__WHAT YOU WILL DO__: Aim for an exact copy of the listing, without any images.

__TASK DATA__:
········
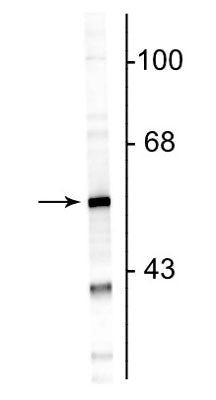 Western blot of rat cortical lysate showing specific immunolabeling of the ~50 kDa GFAP protein.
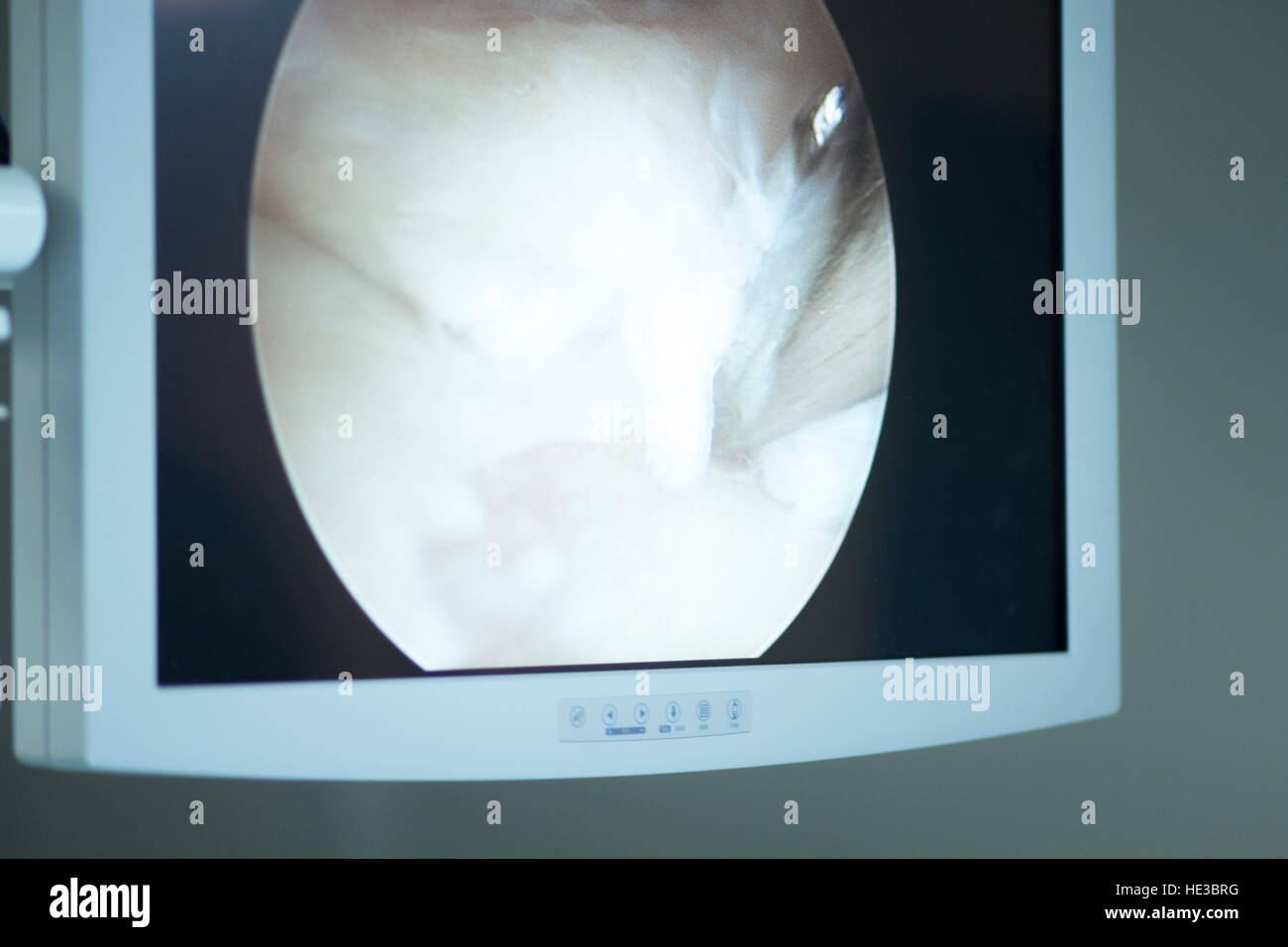 Arthroscopy surgery screen showing arthroscope camera picture in knee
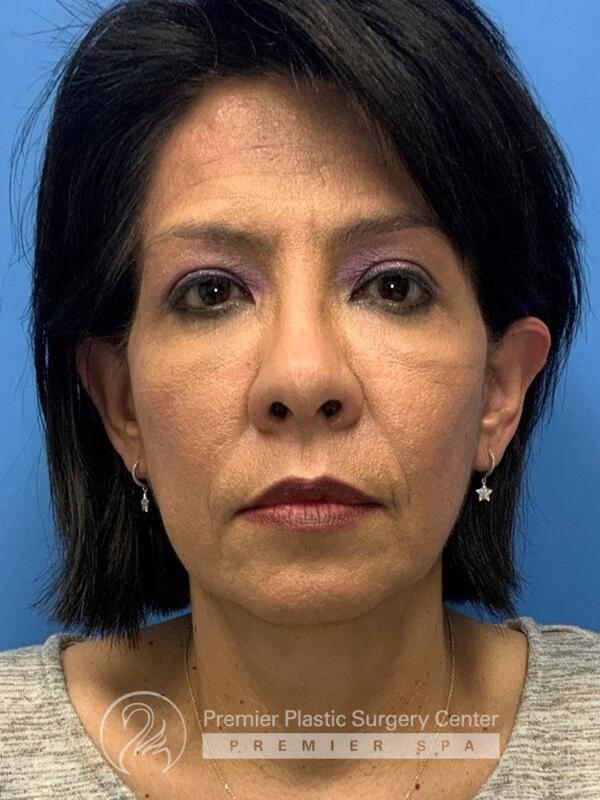 Fillers Before & After Image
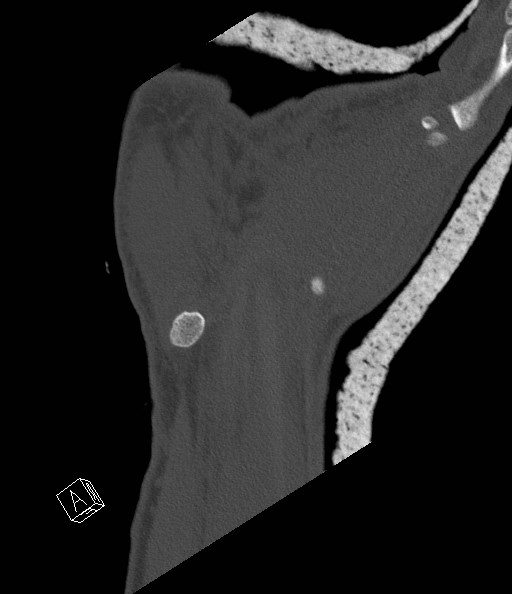 File:Carpal fractures (smart watch impaction) (Radiopaedia 55844-62430 Coronal bone window 24).jpg
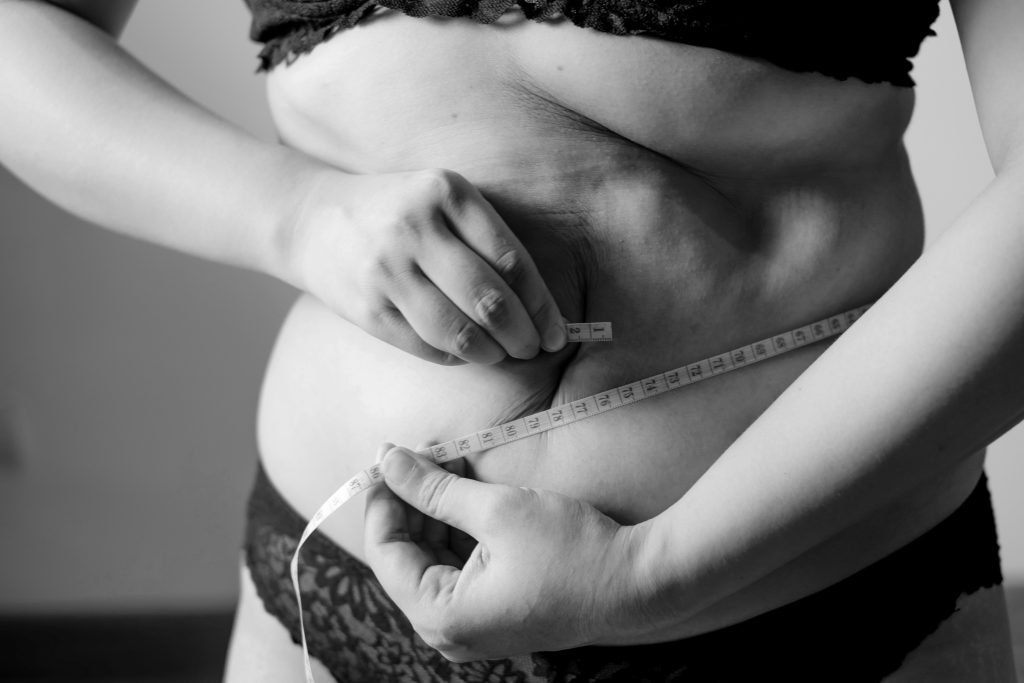 loose skin cinched waistline vaser liposuction clinic dublin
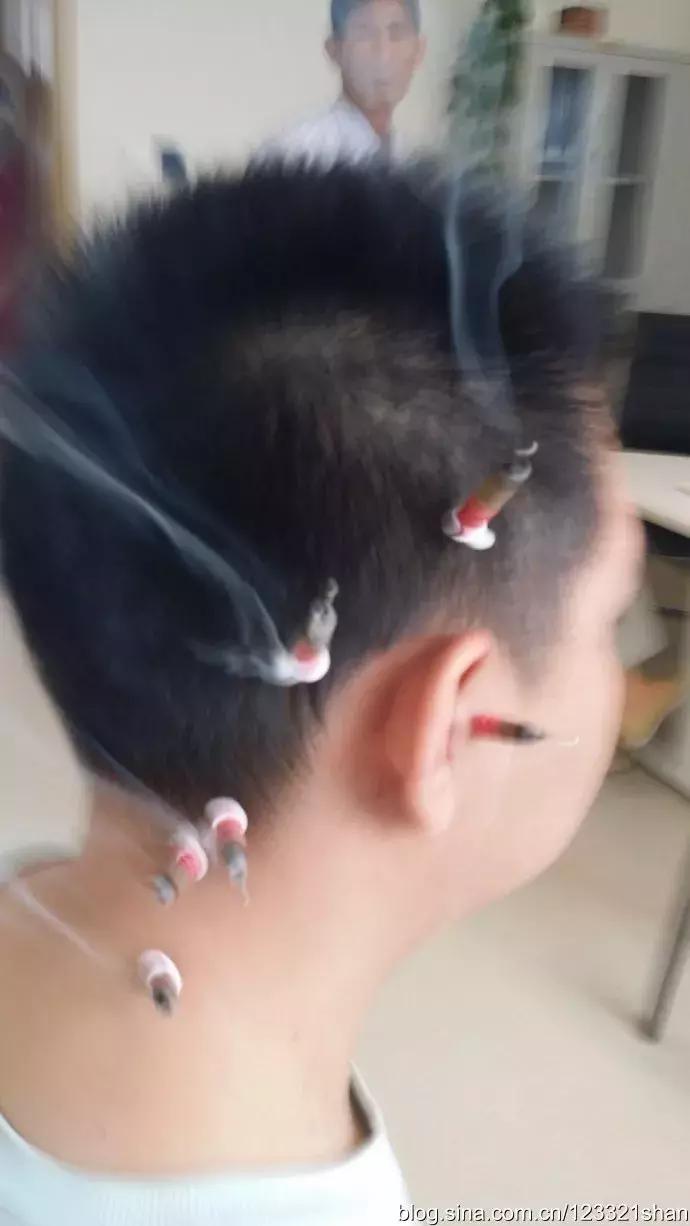 儿童近视有效的三个方法,儿童近视的四大误区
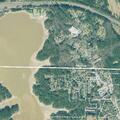 Woman vomiting and dizzy with chest pain in Acworth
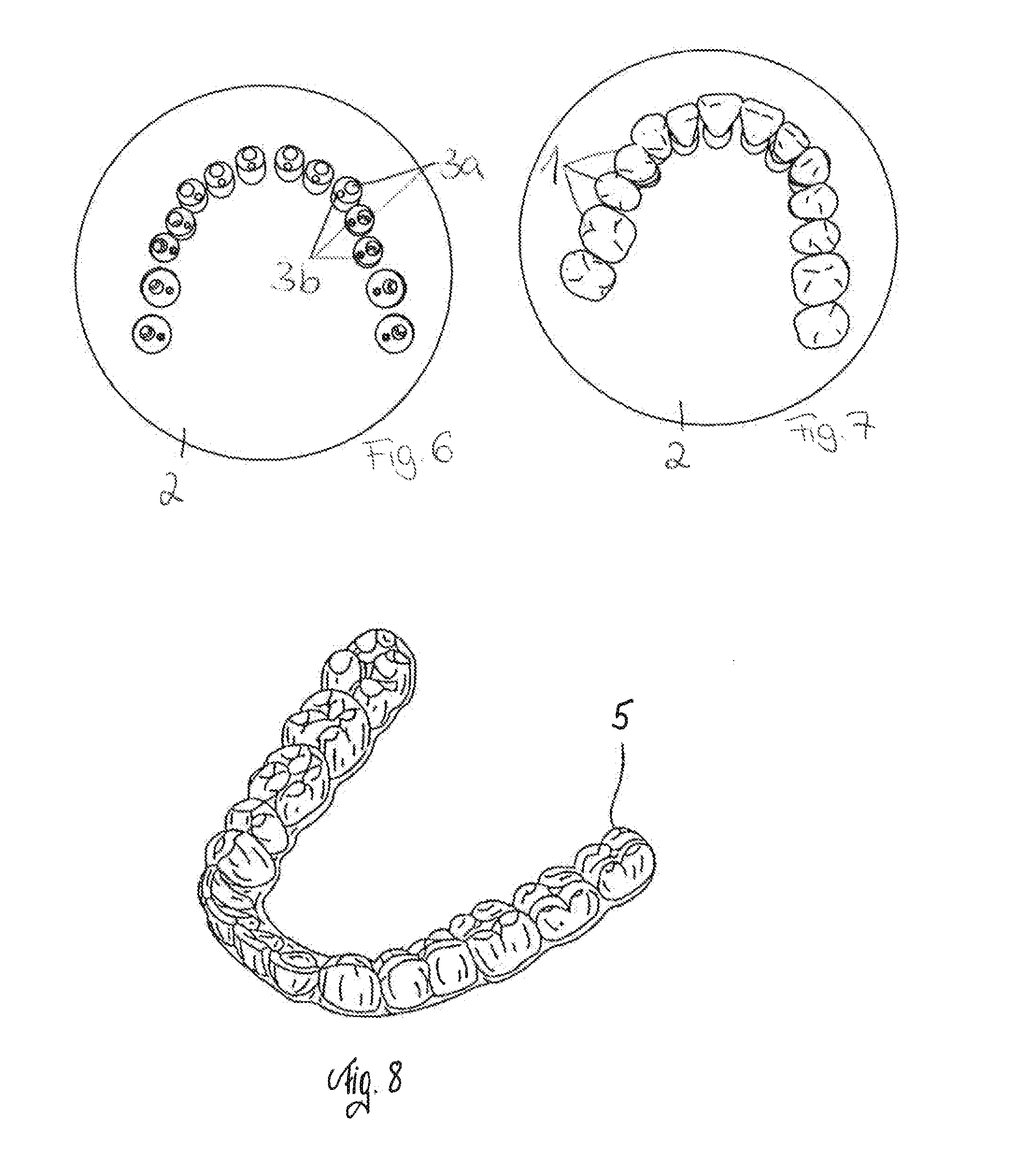 Method for producing a set of dental appliances for correcting tooth misalignments and orthodontic set-up model therefor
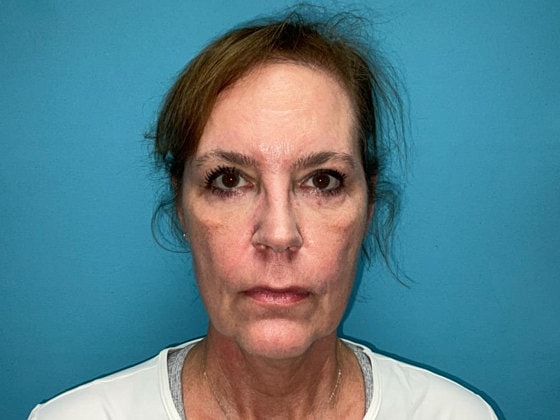 Blepharoplasty Before & After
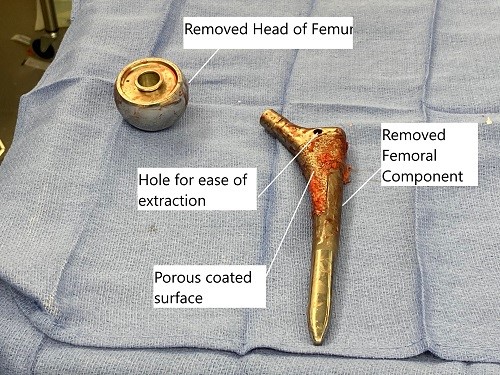 Se extrajo la cabeza del fémur y el componente femoral durante la cirugÃa de revisión. Se extrajo la cabeza del fémur y el componente femoral durante la cirugÃa de revisión.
········
__SOLUTION__:
 Western blot of rat cortical lysate showing specific immunolabeling of the ~50 kDa GFAP protein.
 Arthroscopy surgery screen showing arthroscope camera picture in knee
 Fillers Before & After Image
 File:Carpal fractures (smart watch impaction) (Radiopaedia 55844-62430 Coronal bone window 24).jpg
 loose skin cinched waistline vaser liposuction clinic dublin
 儿童近视有效的三个方法,儿童近视的四大误区
 Woman vomiting and dizzy with chest pain in Acworth
 Method for producing a set of dental appliances for correcting tooth misalignments and orthodontic set-up model therefor
 Blepharoplasty Before & After
 Se extrajo la cabeza del fémur y el componente femoral durante la cirugÃa de revisión. Se extrajo la cabeza del fémur y el componente femoral durante la cirugÃa de revisión.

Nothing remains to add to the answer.